The effort to become a department comes on the heels of a decade of expansion for the WGS program at Harvard, according to Department Chair Afsaneh Najmabadi.

“We’ve consolidated our faculty, our faculty has grown, we’ve managed to hire more lecturers, the courses we give have become larger, and the number of students taking WGS courses has grown,” she said.

Two years ago, the committee began offering a secondary graduate degree. And next academic year, WGS will begin bringing in one visiting professor each year to fill a newly-created endowed chair in LGBT studies.

The total number of undergraduates enrolled in WGS classes has increased from 388 in the 2008-2009 academic year to 545 during the last academic year.

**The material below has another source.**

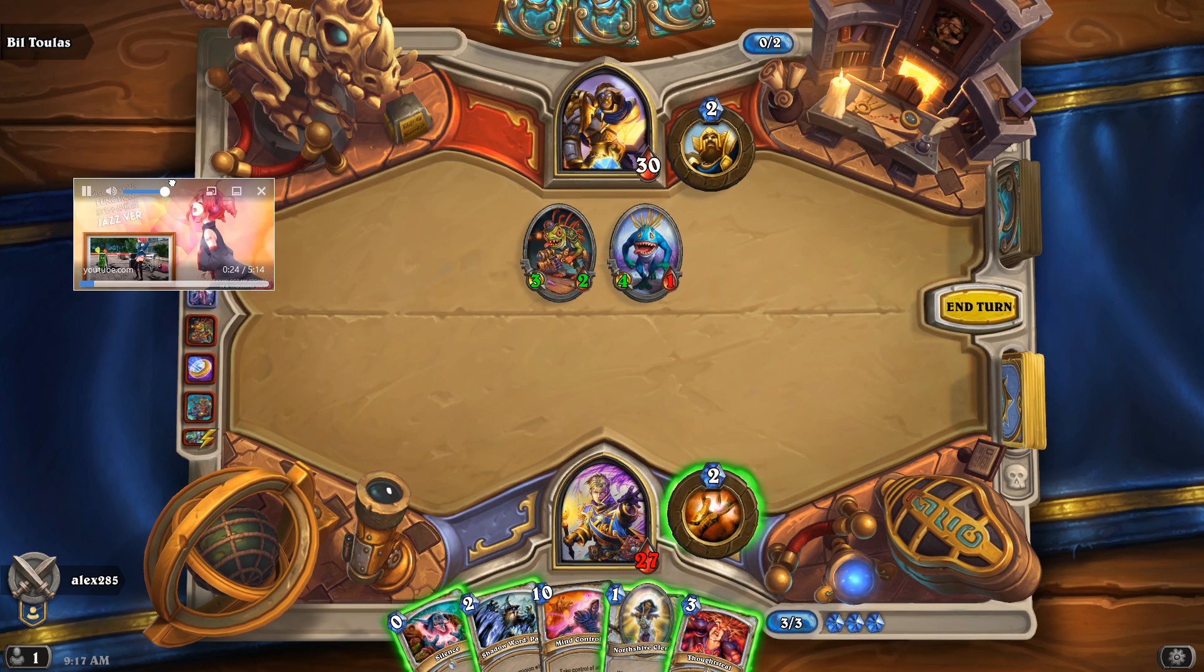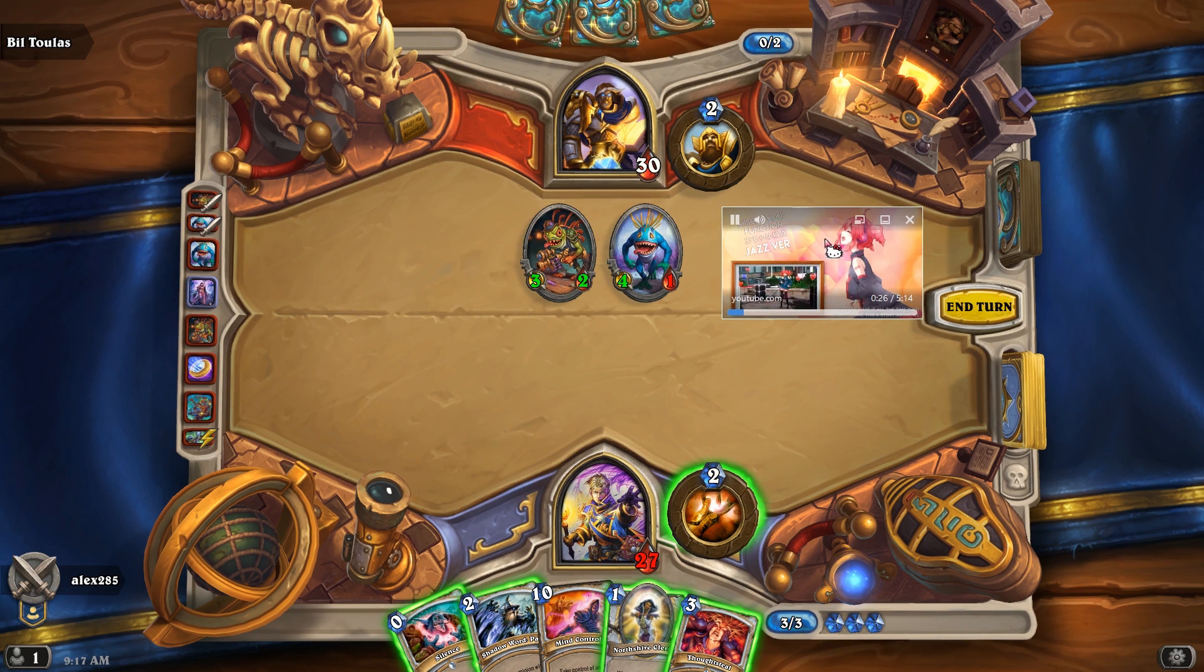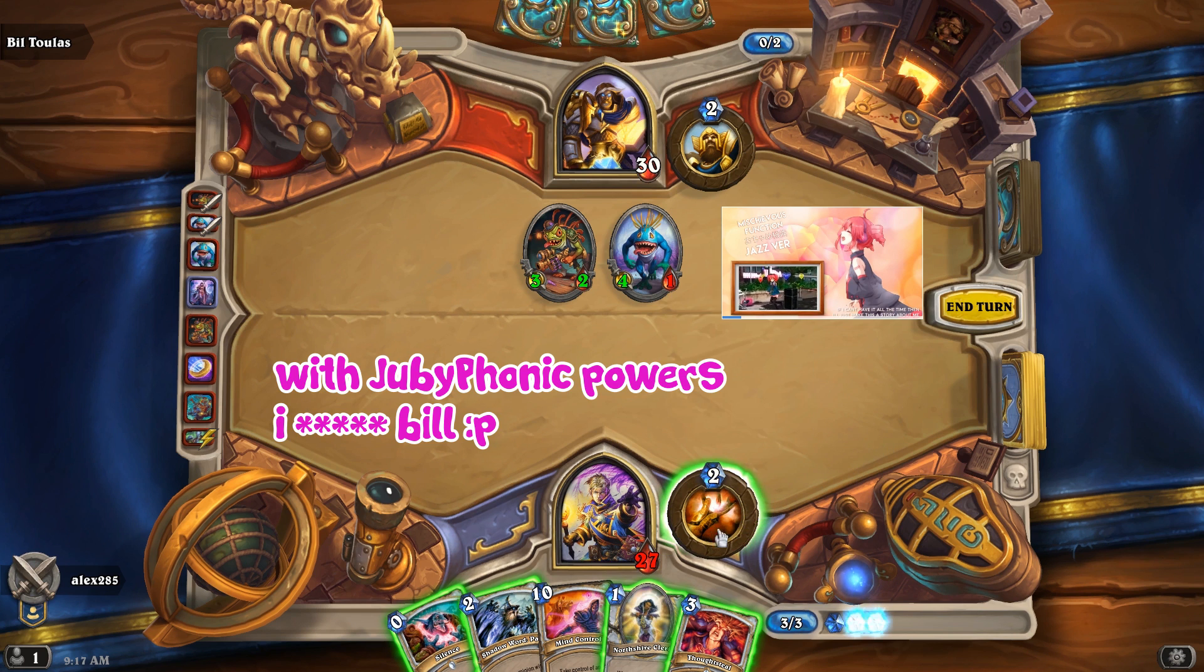Dorayaki got my stomach in a thousand knots. If I can't have it all the time, then I'll just make this a story about me.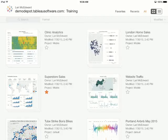Thank you for watching this video on navigating the Tableau mobile app. For more information on interacting with content, please proceed to the next video.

Najmabadi credits this rise to the increased popularity of WGS in the General Education curriculum.

Courses such as Culture and Belief 37: “The Romance: From Jane Austen to Chick Lit,” and United States and the World 26: “Sex and the Citizen” have also been ranked highly among students in the Q guide ratings.

The number of undergraduate concentrators in the program, however, has seen only gradual growth since 2008. The number of primary concentrators has risen from 16 to 18, the number of joint concentrators has risen from 5 to 9, and the number of students pursuing a secondary in WGS has risen from 9 to 12.